A brisk walk through the chilly grey countryside brought her to a secluded spot in the hills north of the city. There, amidst farms of beets and turnips, was a preternaturally straight crease-a shallow ditch marking the boundary between two fields. These were ancient features, she knew; her uncle called them Hollow Ways, and they were older than the farms and fields they marked; as old as the hills themselves, Sir Henry said.

At the fleeting thought of her beloved uncle, Haven felt another stab of guilt for having failed him. “I am so sorry, Uncle,” she murmured, then shoved the feeling aside. Revenge, she decided, would drive her from now on. She would avenge her uncle’s death and punish the Black Earl for his needless cruelty and for the humiliation he had inflicted on her.

The stars were alight in the eastern sky when Haven reached the ley. Without a moment to spare she hurried across the high-furrowed field to the Hollow Way, stepped down into the ditch, and aligned herself with one of the stones that served for field corners. Then, putting her feet in the centre of the path, she started down the narrow trail. Within four determined paces, she felt the familiar tingle on her skin. A breeze gusted over the crest of the bank and swirled around her long skirt. Three more steps carried her to the next stone marker. The banks of the Hollow Way grew hazy. The twilight dimmed, and she felt the path fall away beneath her feet. For an instant her ears were filled with the howling screech of the void, and misty rain spattered her face and neck. By now a more experienced ley-leaper, she was ready for the awkward lurch as the trail came up beneath her once more, the ground level slightly higher this time. Taking the jolt in her knees, she managed to remain upright, took two more steps, and stopped to look around.

The world around her had changed. The gentle hills and ploughed fields of Bohemia were gone, and in their place was a chilly, mistcovered wilderness of wide valleys and treeless heights-somewhat like Yorkshire, she thought. But it was not Yorkshire-as least not the one she knew. Burleigh maintained that it was, like so many other worlds, only a connecting place, a waypoint between one dimension of the multidimensional universe and another. Two more leaps would bring her back to England.

Haven had no doubt she could reach London, but there was some uncertainty in judging the leap just right in order to achieve the desired time. Without the benefit of the Black Earl’s little device to aid her, she would have to rely on her native wits.
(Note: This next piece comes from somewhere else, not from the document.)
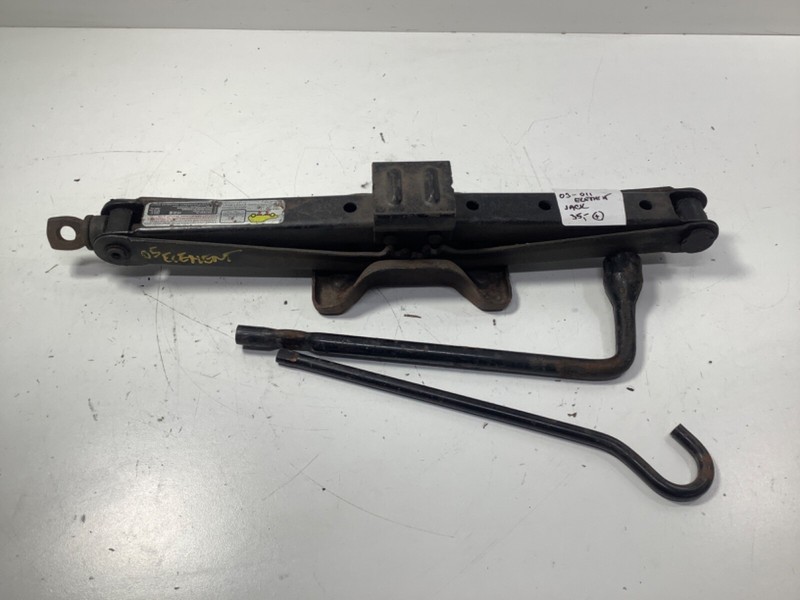 03-08 Honda Element Jack Assy. KIT 89310-S3V-A01 OEM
Nevertheless, she was happy to have successfully made her escape and to be on her own at last.

The next ley line was some distance away-a peaty upland nearly half a day distant on foot, and, as this was a remote and deserted landscape, there was nothing for it but to walk. She started off at once, making what time she could. Likely she would have to wait for sundown once she got there, but she would rather wait than miss it and have to spend the night out on the desolate moor.

As she walked along she rehearsed in her mind what she would do when she got to London, and how she might proceed to further the quest. Clearly she could not conduct the search for the Skin Map alone. No doubt she should have made plans to meet Wilhelmina in London. Thinking of it now, that would have been the perfect solution-they could have evaded Burleigh and furthered their alliance. But in the urgency to get out of Prague, neither of them had thought of that.
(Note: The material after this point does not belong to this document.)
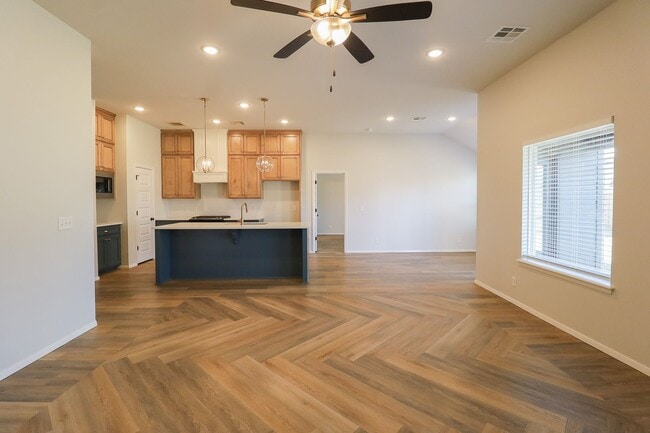 Building Photo - 4 Bed 2 Bath New Construction Home in Bixby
It was late in the day by the time she reached the ley-a nameless trackway high on the crest of a broad headland where two valleys met above a grey river. She found a stone beside the trail and sat down to watch the low-riding sun sink farther below the line of barren hills to the west, shivering in the chilly, damp air as night came on. She comforted herself with the thought that she would soon be home again, dry and warm.
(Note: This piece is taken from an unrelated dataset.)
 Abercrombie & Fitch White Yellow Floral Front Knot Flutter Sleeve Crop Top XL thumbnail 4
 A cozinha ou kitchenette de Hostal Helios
Then, as the evening shadows darkened the valleys, and wraith-like vapours snaked along the river below, she stood and, carefully pacing off the distance from the beginning of the ley, once again composed herself for the jump. This one, like the first, was accomplished without undue discomfort-which Haven took as a sign that she was perfecting her abilities. The thought pleased her and filled her with confidence as the battering rain shower announced her arrival in England on a lonely hilltop somewhere on the southern downs.